WHAT TO PRODUCE - Reproduce the listing word for word. Skip any image.
[[ SUPPLIED DATA open ]]
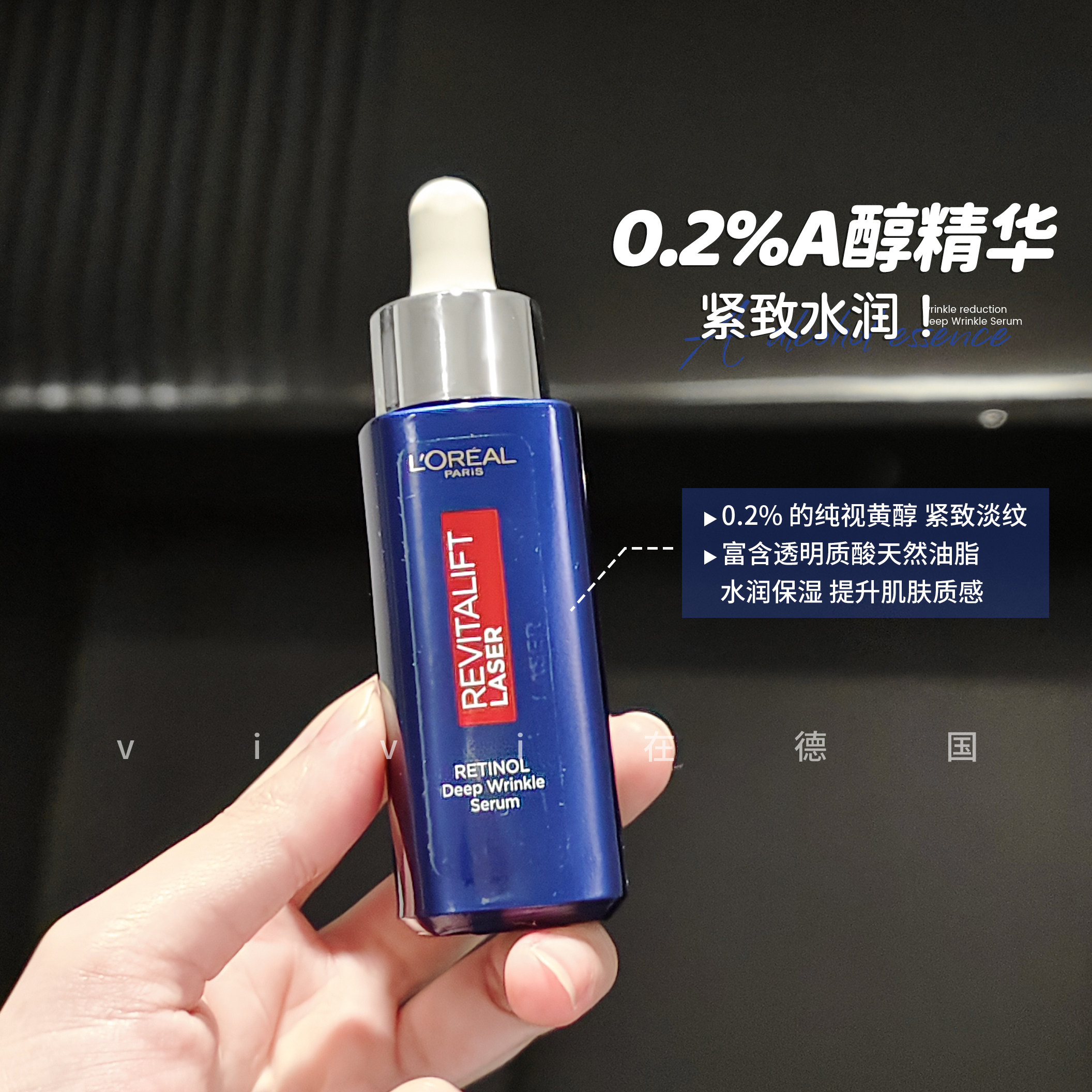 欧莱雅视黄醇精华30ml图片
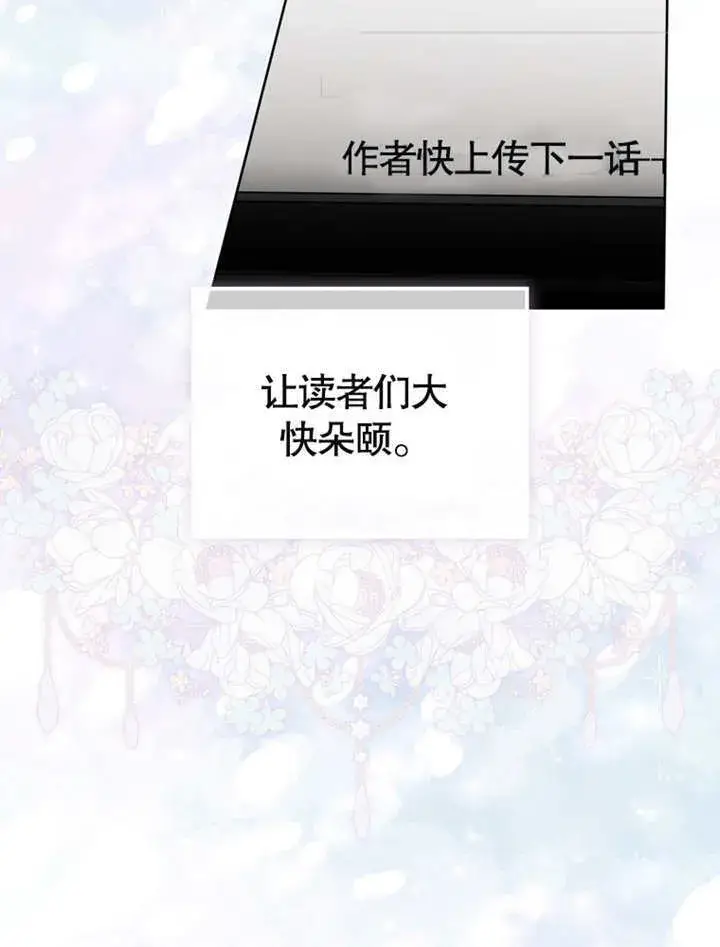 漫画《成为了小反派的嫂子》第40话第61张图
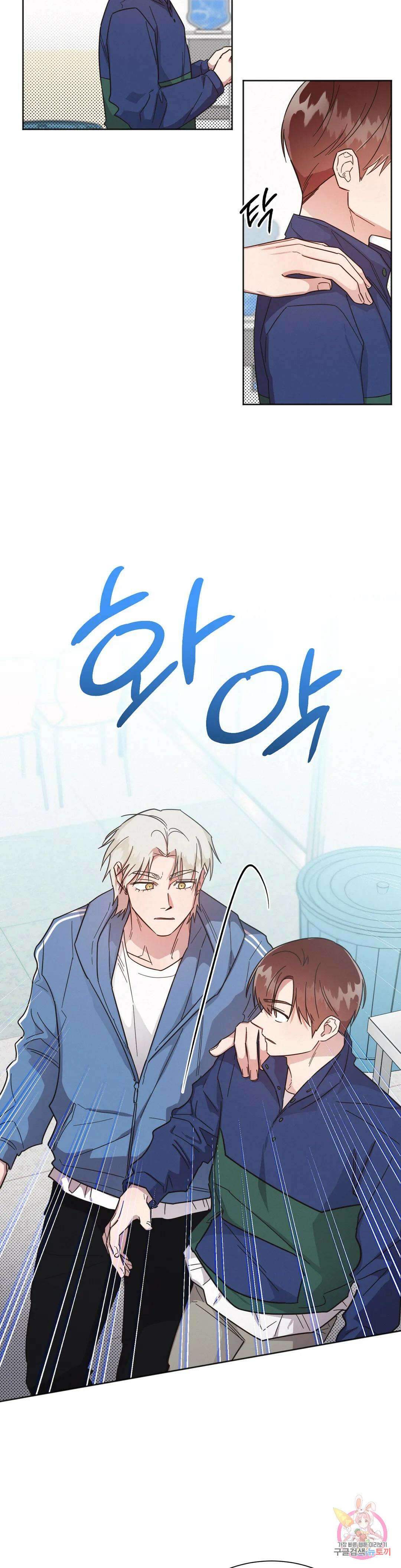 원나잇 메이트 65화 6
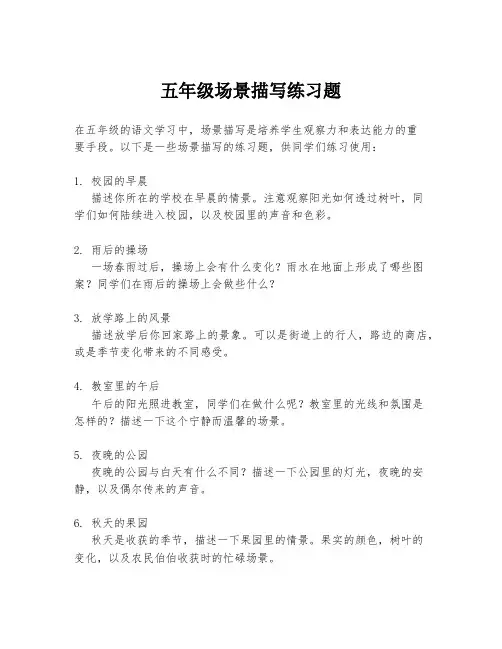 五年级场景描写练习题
[[ SUPPLIED DATA closed ]]
EXERCISE RESULT -
 欧莱雅视黄醇精华30ml图片
 漫画《成为了小反派的嫂子》第40话第61张图
 원나잇 메이트 65화 6
 五年级场景描写练习题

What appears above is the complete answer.